My mother was old and I knew she would probably die, but the feeling of helplessness was terrible. I’m the person responsible for medical coordination in Barta’a so I know the procedure and I have all the telephone numbers. Nevertheless, I couldn’t even save my own mother.”

Villages separated from health services by the Wall

Israel constructed the Separation Wall well inside the West Bank in order to enclose Israeli settlements, rather than on the Green Line which demarcates the 1967 borders between Israel and the West Bank. The path of the Wall also separates a number of Palestinian villages and communities from the rest of the West Bank, restricting their access to health and other services. Non residents need to obtain a “visitor permit” to enter these villages, which generally prevents doctors from conducting house calls, ambulances from collecting patients and mobile teams from providing health services there.
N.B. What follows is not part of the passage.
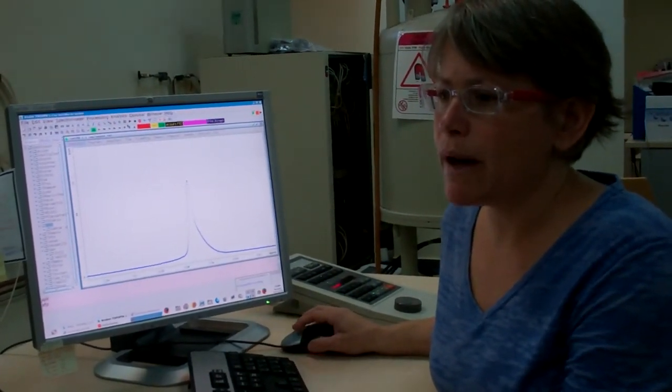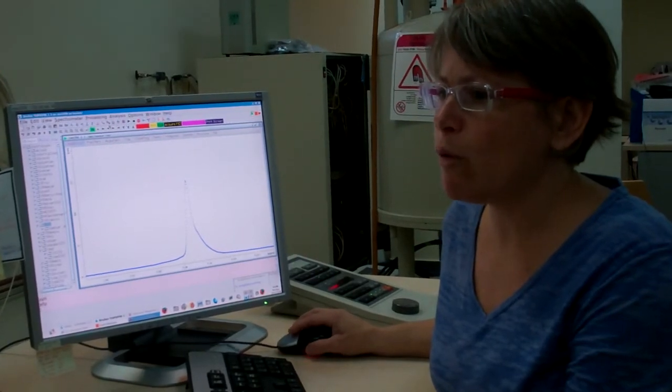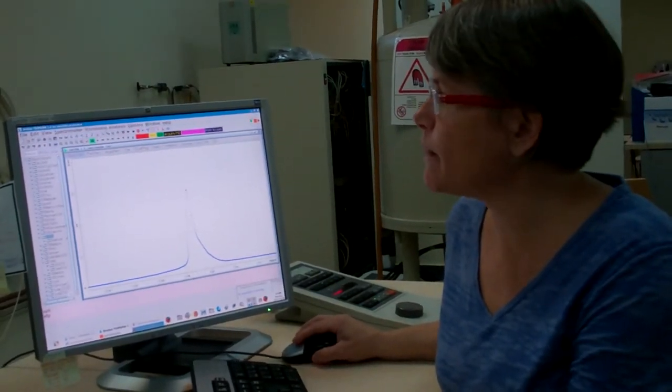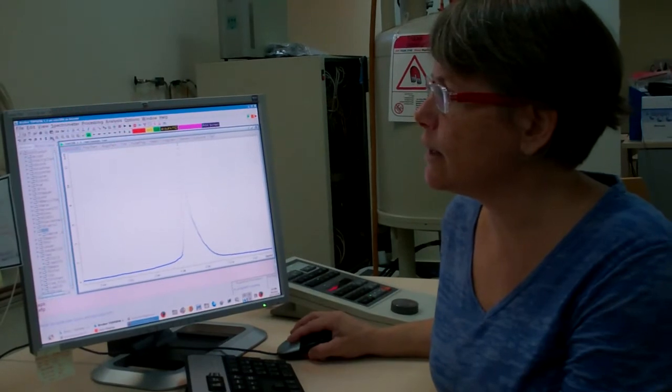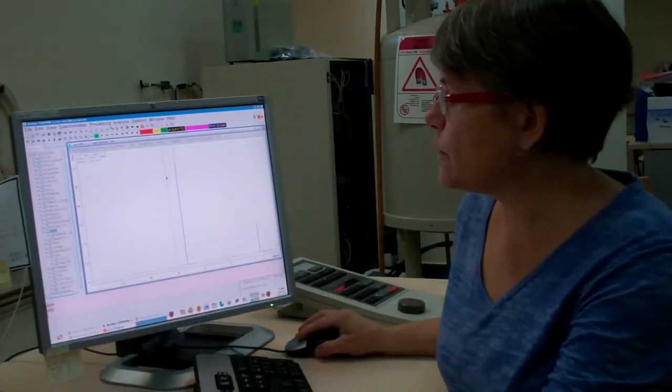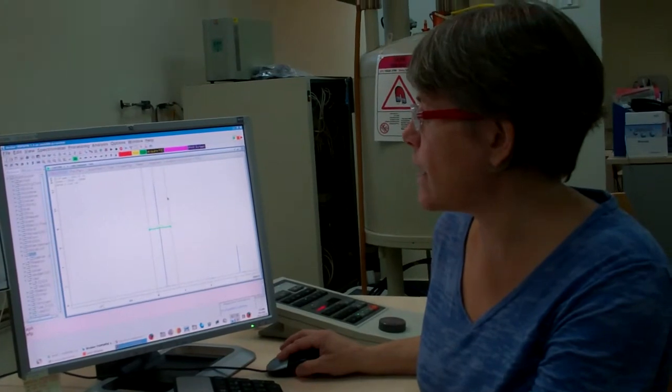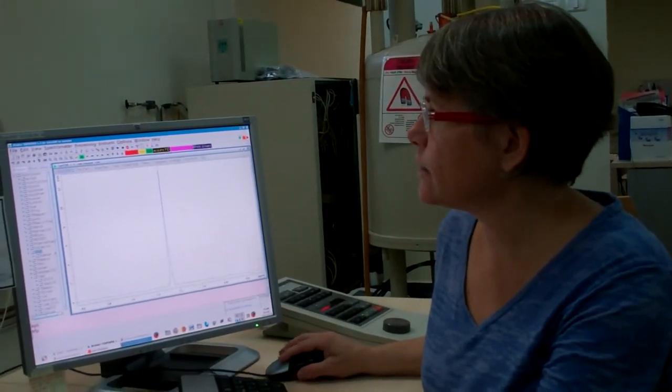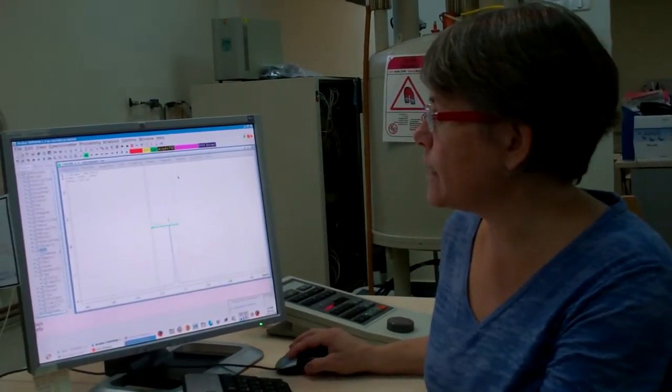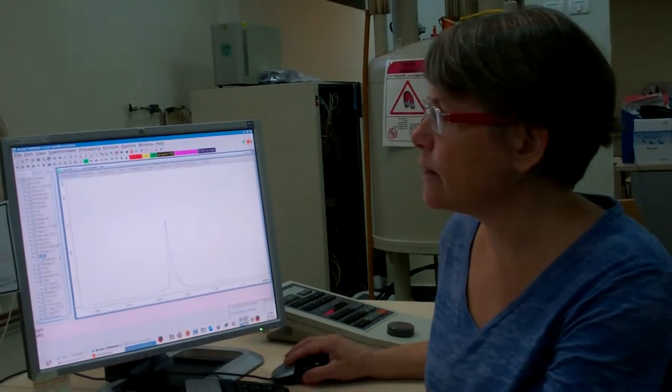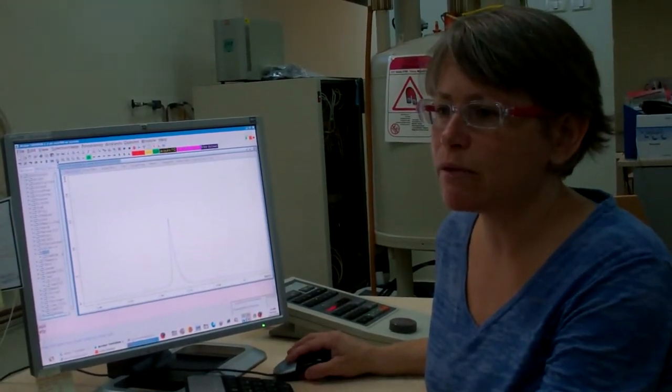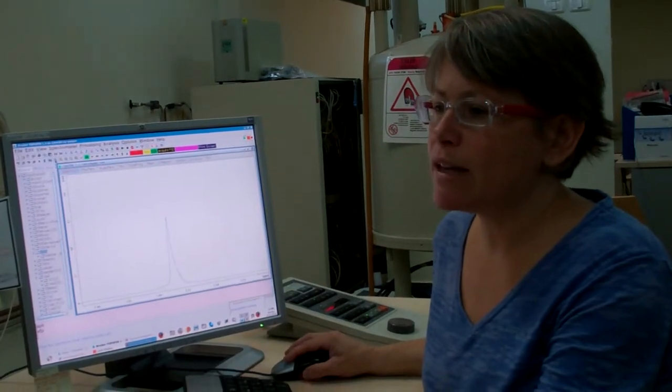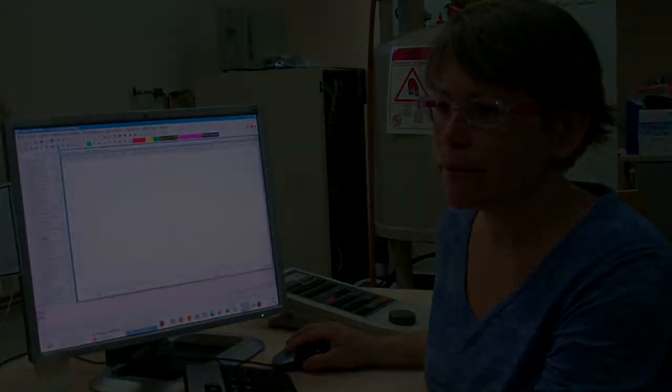These two buttons automatically give a full Y and full X display respectively. This one, and this one. Let's zoom in again. Left click, drag to the other side, and release. We can zoom in so that we can see the peak very clearly. And this one button, with the magnifying glass with an A, does the same as those two last clicks together.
''Barta'a is the largest Palestinian village in this zone, with 5600 inhabitants, who used to be visited twice weekly by a United Nations Relief and Works Agency (UNRWA) mobile health team. Since September 2007, UNRWA has been unable to access Barta'a and the mobile health programme has been suspended."

The right to the highest attainable standard of health is enshrined in the 1946 WHO Constitution and numerous human rights instruments. Four criteria make up the right to health: availability, accessibility, acceptability and quality.